O sea que la sociedad de Mallorca permitió que a las 300 mil plazas de alojamiento hotelero se le sumaran 100 mil más legales. E infinidad de plazas ilegales más porque nadie controló nunca nada y porque en este tema el fraude es extremadamente fácil. Esas 100 mil plazas no se edificaron, con lo que no iban a tener tanto impacto ambiental: ya existían, sólo se retiraron del mercado de alquiler tradicional, lubricando el problema de la vivienda que tenemos ahora. Y generando un caos con los coches de alquiler porque a estos turistas usted no los transporta en autocares, como los que van a los hoteles.
Eso ha ido acompañado de un fuerte aumento de la inmigración, legal e ilegal, mano de obra para atender este turismo. Pero, como Mallorca es una isla con políticos ecologistas, no se aumenta el suelo edificable y por lo tanto hay mucha más demanda de pisos y no hay más oferta. Encima, retiramos la oferta de Airbnb. Una bomba.
Esa es la sociedad que en buena medida ahora está horrorizada por que esas viviendas están ocupadas. Los turistas pagan la estancia y, encima, quieren venir y ocupar las plazas alquiladas. Y eso se nota.
Los mismos partidos políticos que aprobaron esas viviendas vacacionales son los que ahora se manifiestan contra tanto turismo. Porque no iban a ir a las elecciones de 2027 sin ninguna bandera. Y esta, además, es real. Sí hay muchísima gente en Mallorca, parte de la cual está también en invierno, porque son los nuevos residentes inmigrantes. Por algo las autopistas están saturadas, pero también en enero, cuando no hay turismo.
La sociedad mallorquina tiene un planteamiento bastante simple sobre el turismo: que no haya más turistas, salvo los que vienen a mis propiedades, que son muy pocos y que no se notan. El problema son los demás.
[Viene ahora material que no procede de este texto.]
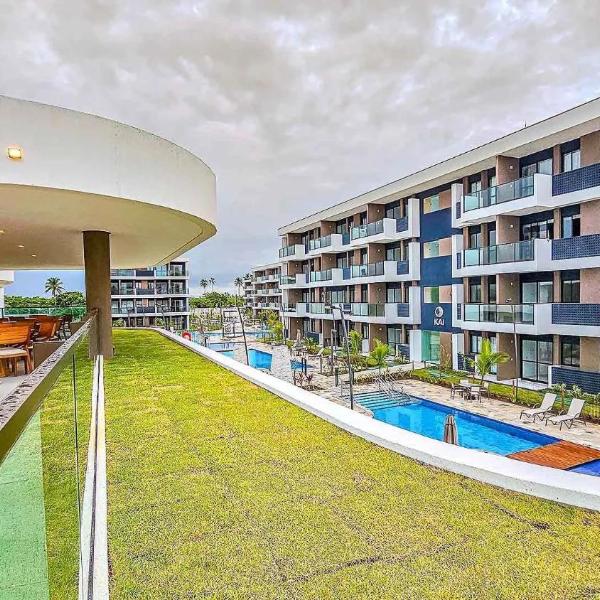 Makia Beach Experience | Flat Resort em Muro Alto – Piscinas e Praia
El Partido Popular, que gobierna actualmente, sabe que hay un problema. Y por eso hizo una mesa de diálogo sobre el tema, pero la disolvió sin hacer nada porque decida lo que decida podría perder algunos votos. Así que al final los únicos sospechosos de saturar Mallorca son los peninsulares (que no votan en Baleares) y a quienes se les prohibirá viajar en coche, los renta-car que no tienen ni sede ni filial en las islas, y Aena, ahora que mandan los socialistas.